An improved region-based convolutional neural networks (Faster R-CNN)-based fault
detection method for railway catenary insulators is proposed in response to the long detection time
of the conventional railroad catenary insulator fault, the low precision of the catenary insulator
fault detection for occlusion and truncation, the poor performance of multi-scale object detection,
and the processing of class unbalance problem.

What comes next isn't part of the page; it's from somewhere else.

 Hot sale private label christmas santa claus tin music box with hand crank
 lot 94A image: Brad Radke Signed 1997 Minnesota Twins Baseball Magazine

The Faster R-CNN is optimized from four perspectives: feature extraction, feature fusion,
candidate box screening, and loss function, in accordance with the properties of the catenary
insulator. First, to solve the problem of multi-scale catenary insulator fault detection, convolutional
block attention module (CBAM) and feature pyramid network (FPN) are used to fuse the deep feature
and shallow features of the image. This results in a feature map with more critical semantic information
and higher resolution. After that, the weighted non-maximum suppression (WNMS) algorithm
improved by distance-intersection over union (DIOU) and Gaussian weighting function is
used instead of the traditional NMS algorithm, which effectively introduces the overlap of detection
frames into the confidence level and makes full use of the effective information of the detection
frames. Finally, the improved Focal loss is used as the classification loss, and the focusing parameter
and the balance factor of the Focal Loss are adjusted dynamically to solve the problem of
sample imbalance and difficult sample identification in the model better.
The effects of SSD, YOLOV3, traditional Faster R-CNN and improved Faster R-CNN
models are tested on the contact network insulator fault detection dataset constructed in this paper,
and the experimental results show that the improved Faster R-CNN has higher precision, recall,
and mAP compared to the other detection models, which reach 94.31%, 96.68% and 95.22%, respectively.
The results of the experiments demonstrate that this method may successfully detect
the faults in different scale catenary insulators. It can effectively detect truncated, obscured faulty
catenary insulators. It has higher precision and recall and provides a reliable reference for maintaining
faulty insulators in railway catenary.